Humans have the biological to be potential venomous, just like snakes. While humans are not venomous, they have the necessary, "tools" for the function. Researchers have found that snakes and mammals share a set of genes that have similar activity within salivary and venom gland tissue. For the study, researchers looked at the genes that were present before venom's origin.
These common genes provide and important foundation for evolving venom by ensuing that the glands can produce high loads of proteins. The study include under the right evolutionary conditions human salivary glands could be repurposed to play a venomous role. Researchers don't know how oral venom systems originated and most research on venom evolution has focused on the toxins.
These oral venom systems evolved multiple times in numerous vertebrates during evolution. Researchers show the these systems likely originated from a "gene regulatory network". They found this network to to be conserved in reptiles, birds and mammals. Researchers identified around 3,000 of these genes.

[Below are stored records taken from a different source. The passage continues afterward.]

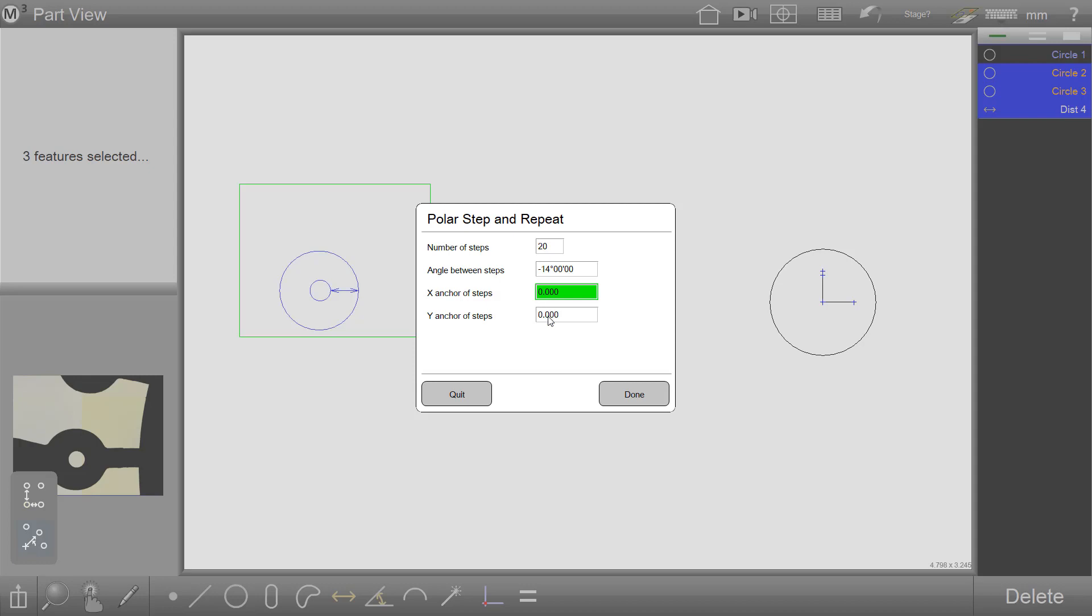The X-anchor and Y-anchor designate the coordinate position whereby the array will be anchored around. In our example, we will use 0,0, as I have datumed on the hub of this array.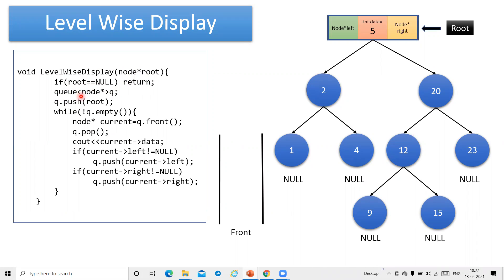This instruction — queue of node pointer q — is nothing but the STL class of the queue. We can write a manual class also, and I am going to show that manual class declaration too. But to make the code shorter, I have used the STL class. This is the push function related with the queue. Initially, I am pushing the root pointer into the queue. Then we test the condition: while the queue is not empty, we delete that pointer from the queue — that is the queue front and pop operations, which are two separate instructions in the STL.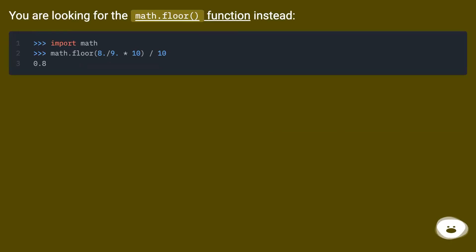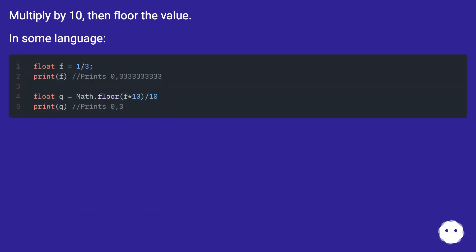You are looking for the math.floor function instead. Multiply by 10, then floor the value.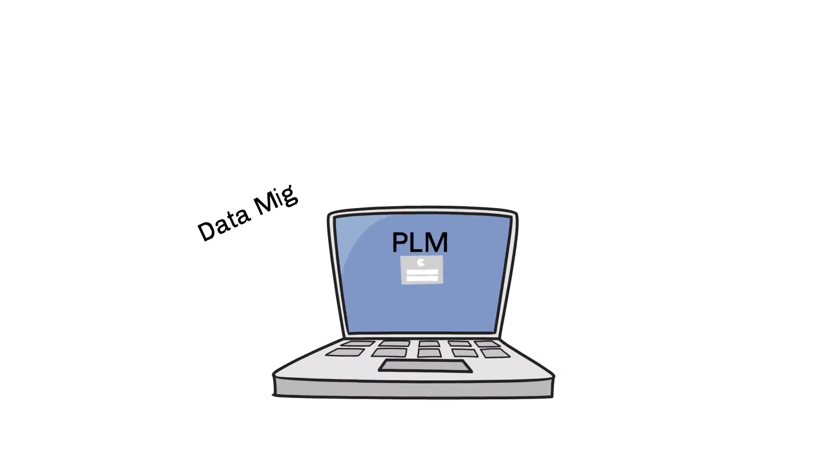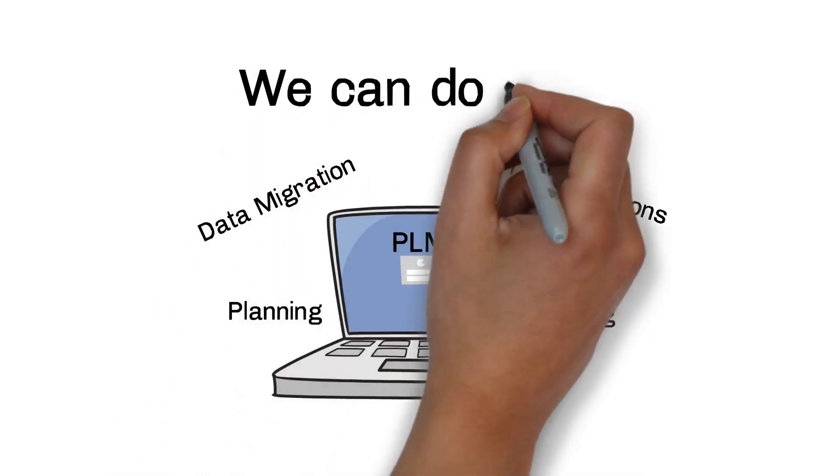From data migration and IT modifications to expert planning and training, Tata Technologies can handle it all.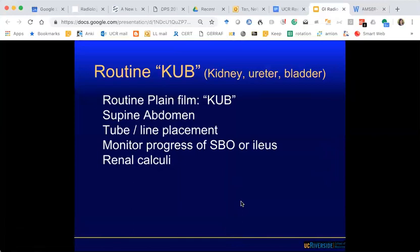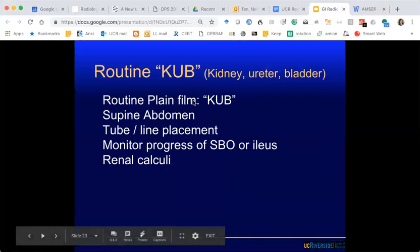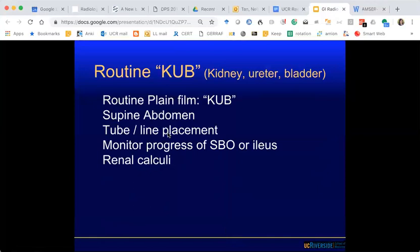Routine KUB is a plain radiograph, typically acquired with the patient in supine position. This is the bread and butter for looking at lines and tubes, SBO, ileus, and renal stones. But it's just a screener — if it's a negative KUB and you still have high clinical suspicion, you shouldn't stop at the radiograph and need something more.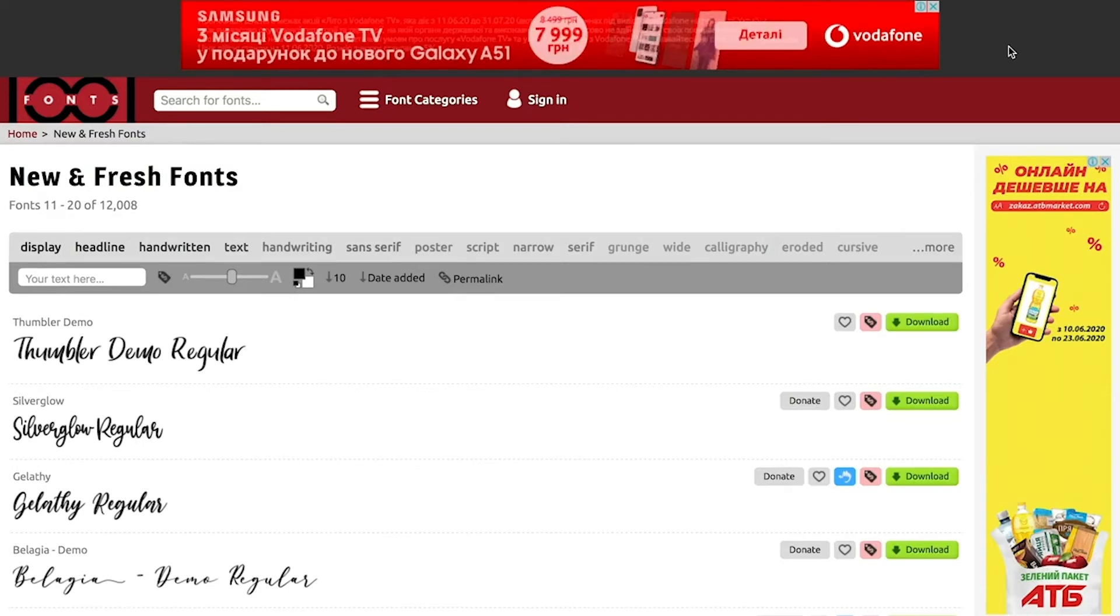In the description you will find a link to a website on which you will find more than thousands of fonts.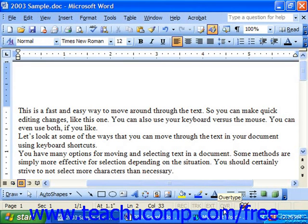You may turn over type mode on by double clicking the OVR box in the status bar, or more commonly you will accidentally turn this on by pressing the Insert key on your keyboard.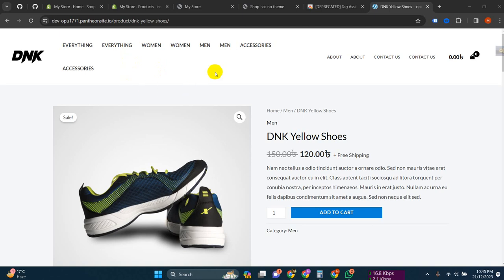Hello guys, this is Mob and in this video I will show you how you can create a Google Tag Manager account and create a Google Analytics account. Then you will see how you can connect your Tag Manager with your Shopify store and how you can connect your GA4 with Google Tag Manager.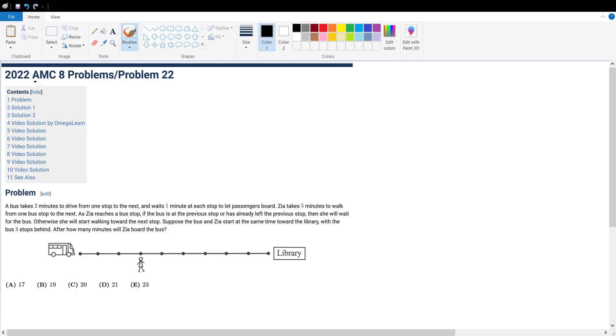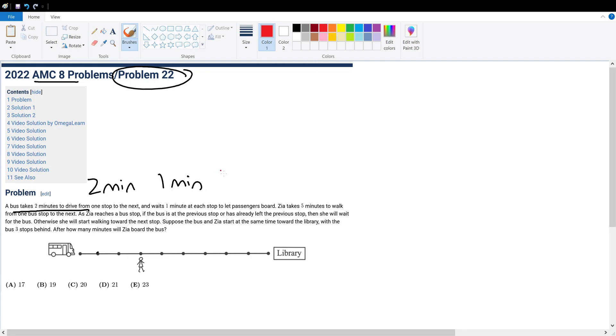Good day mates, today we're solving AMC 8 problem number 22. The bus will take three minutes to move from one station to another - two minutes in motion and one minute stop at each station. So the bus will take three minutes total. Now let's take this into account and simulate the question.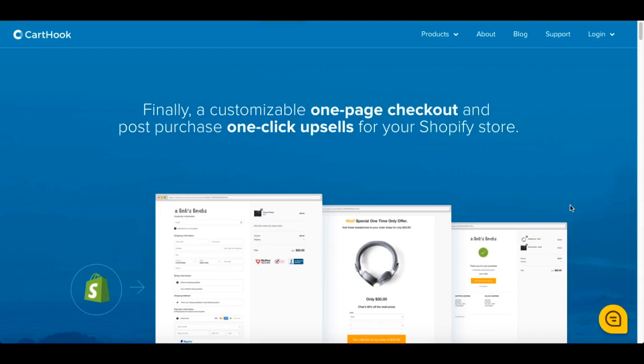Welcome to Carthook Checkout. I'm Catrice, a Support Specialist here at Carthook. Thanks for joining us — we're really excited to work with you. Today I'm going to do a quick walkthrough of all the key steps you'll need to take to get set up. Alright, let's get started.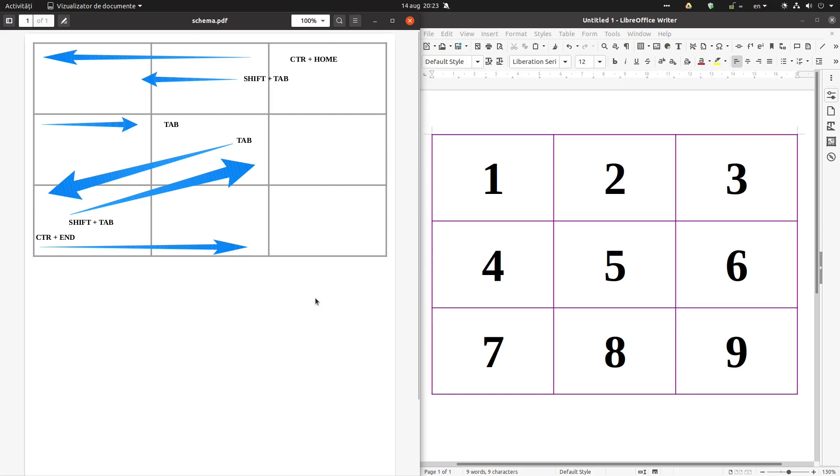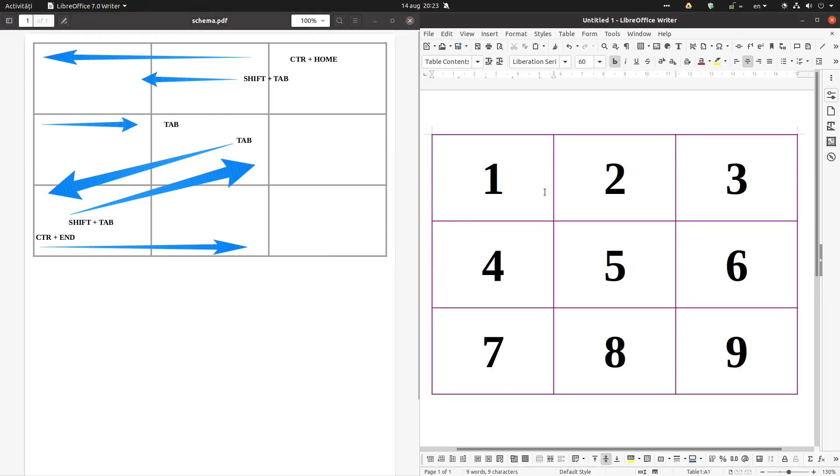Hi, today we want to talk about shortcuts in LibreOffice Writer in tables. So we have a table and we want to know how to move.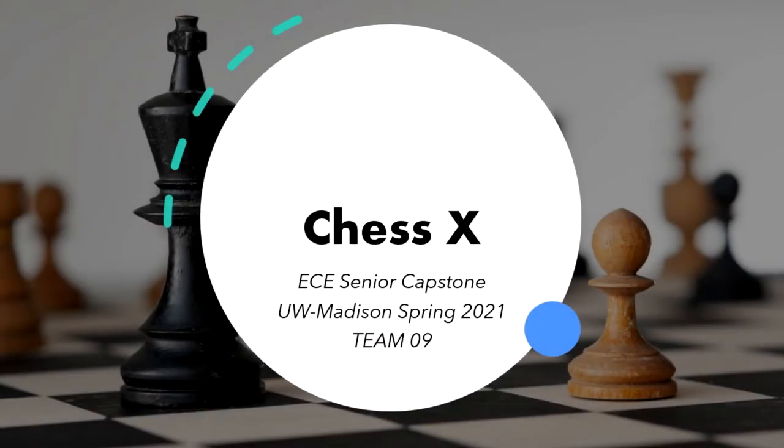Hello, this is Team 9's project ChessX. Team 9 consists of Trent Feta, Prenev Julikanti, and Aidan Jennings.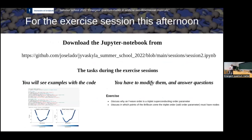All right, good. So this is everything I wanted to tell you today. Just as a reminder, we will have the exercise session at one. The basic idea is that we will take another notebook — the notebook for session two, which is about superconductivity. As yesterday, you will have examples of how to compute many different systems, and with these examples you have to answer a few questions. Some questions require you to discuss with each other, and others require you to modify the code and do some calculations. See you at one.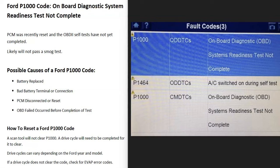Today I'm talking about a Ford with the P1000 code — what it is and how you go about fixing it. A Ford P1000 code means the onboard diagnostic system readiness test is not complete. The onboard computer needs to go through a series of tests, mainly for the EVAP system, which has to do with smog.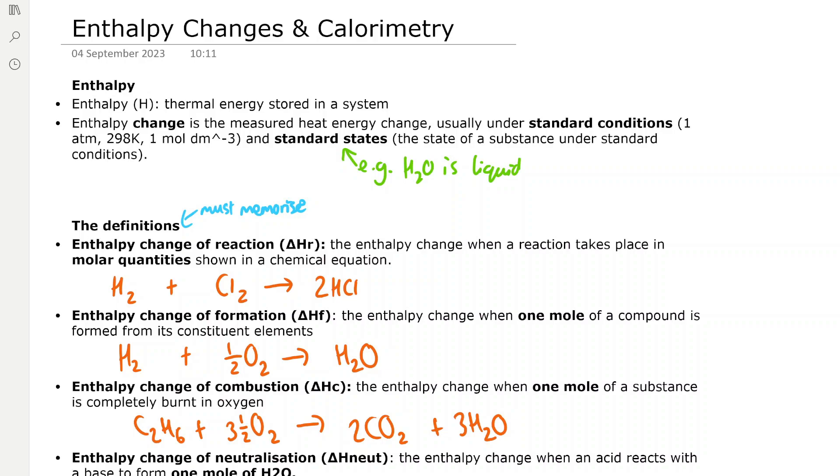Welcome to Norton Chemistry. Today we're going to be doing an enthalpy changes in calorimetry revision video.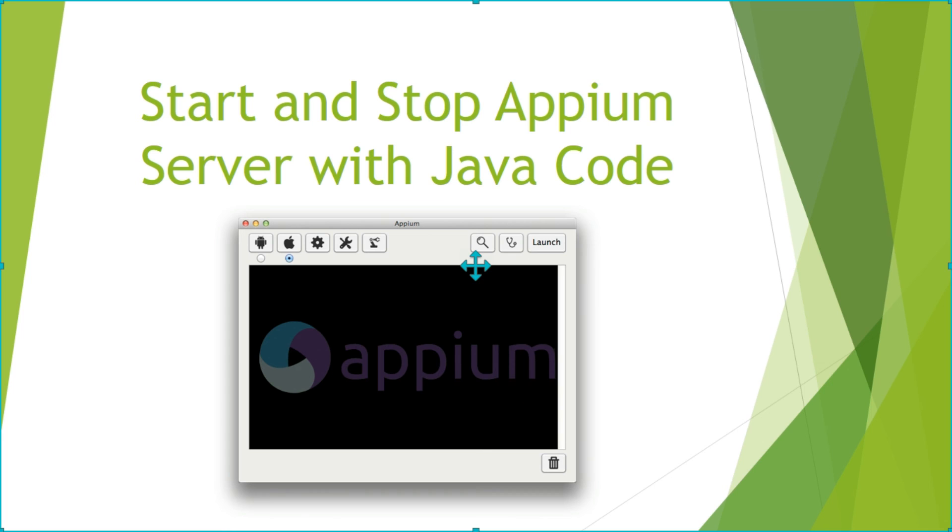This was a very simple example of starting Appium server using Java code. I hope you like this tutorial. Please like, comment and subscribe. Thank you.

Then they looked at the venomes of other species including mammals like dogs, chimpanzees and humans and found that they contained their own versions of these genes. These were abundant in the human salivary gland. Venoms are cocktail of proteins that animals have weaponized to immobilize and kill prey, as well as for self-defense.
Venom can be found in so many different animals including jellyfish, spiders scorpions, snakes and even some mammals. Previous studies have shown that male mice produce compounds in their saliva that are highly toxic when injected into rats.
Researchers concluded that under certain ecological conditions we might encounter venomous mice in a few thousand years.